Get a better understanding of how send/receive buffer size may affect the network rtt and throughput. Usually send/receive buffer size is managed by kernal and application should not hardcode these values. However, real world cases are more rare and complicated. Inapporiate buffer size may be the root case of some network issues.

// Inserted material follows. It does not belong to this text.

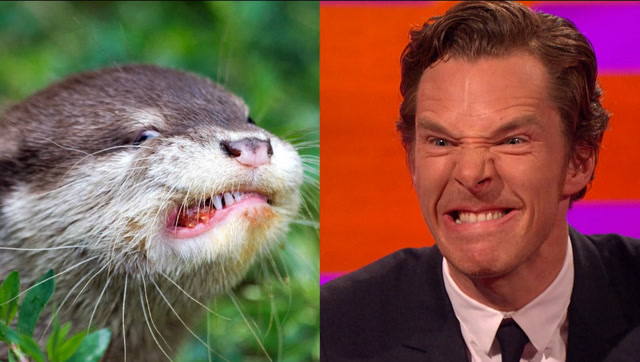 没想到你是这样的福尔摩斯?卷福神模仿水獭,杰克船长都看呆了!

Rare but possible.
Instance provider: AWS
Instance type: t2.micro, 1vCPU, 1GiB memory, Low to Moderate network
OS: Amazon Linux 2023 AMI
- Launch 2 EC2 instance on AWS in the same region, one as server, one as client.
- Edit security group of server, add inbound rule:
Custom TCP Rule,
Port Range: 8000
- Start server:
python -m http.server 8000
- Client can get files through curl:
curl <server_ip>:8000/<file_path> --output ~/<file_name>
Packet capture commans
- Server side:
tcpdump -s 120 -w server.pcap
- Client side:
tcpdump -s 120 -w client.pcap
- ping a random website before/after downloading test file:
ping google.com -c 1
- If download time > 1 min, stop it.
Download pcap result file
- Server side:
scp -i ~/.ssh/****.pem ec2-user@*.*.*.*:~/client.pcap ~/Downloads
- Client side:
scp -i ~/.ssh/****.pem ec2-user@*.*.*.*:~/server.pcap ~/Downloads
Client requests to download a 2 GiB file under following circumstances:
- No limit (Benchmark)
- Send buffer size = 4096 (Exp-wmem-4096)

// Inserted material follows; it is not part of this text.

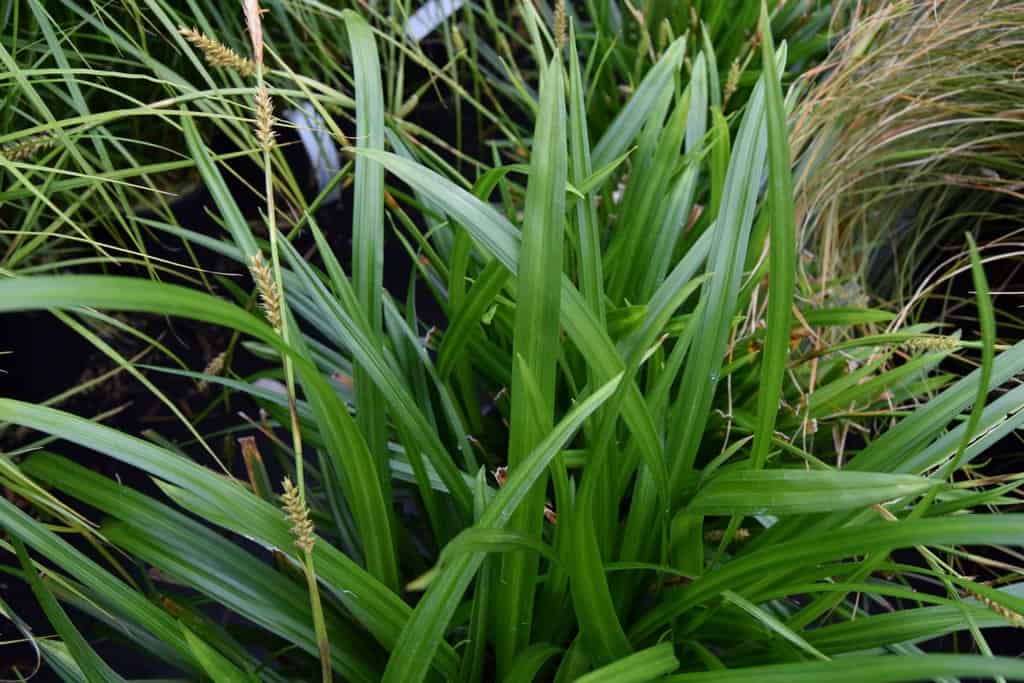 Carex morrowii 'Irish Green' ---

- Send buffer size = 4096, rtt = 100 ms (Exp-wmem-4096-rtt-100)
- Send buffer size = 4096, packet loss rate 1% (Exp-wmem-4096-loss-1)
- Send buffer size = 4096, packet duplicate rate 1% (Exp-wmem-4096-dup-1)

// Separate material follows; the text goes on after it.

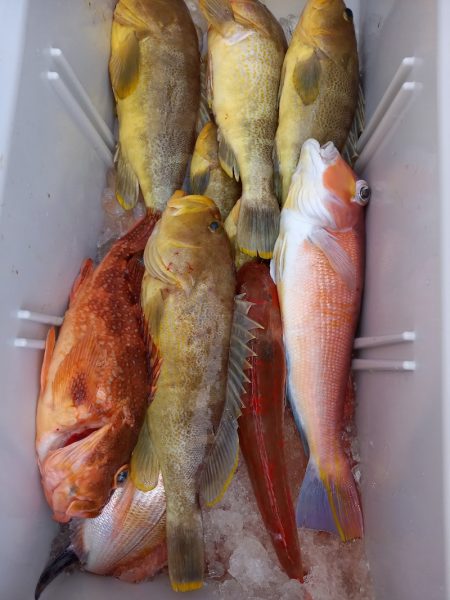 第二龍勢丸 釣果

- Send buffer size = 4096, packet corrupt rate 1% (Exp-wmem-4096-crpt-1)
- Send buffer size = 4096, reorder rate 1%, gap 100ms, correlation 10% (Exp-wmem-4096-reorder-1)
- Send buffer size = 4096, bandwidth limit 1mbps (Exp-wmem-4096-bdw-1)
- Server cpu = 100% (Exp-server-cpu-100)
- Receive buffer size = 4096 (Exp-rmem-4096)
- Receive buffer size = 4096, rtt = 100 ms (Exp-rmem-4096-rtt-100)
- Receive buffer size = 4096, packet loss rate 1% (Exp-rmem-4096-loss-1)
- Receive buffer size = 4096, packet duplicate rate 1% (Exp-rmem-4096-dup-1)
- Receive buffer size = 4096, packet corrupt rate 1% (Exp-rmem-4096-crpt-1)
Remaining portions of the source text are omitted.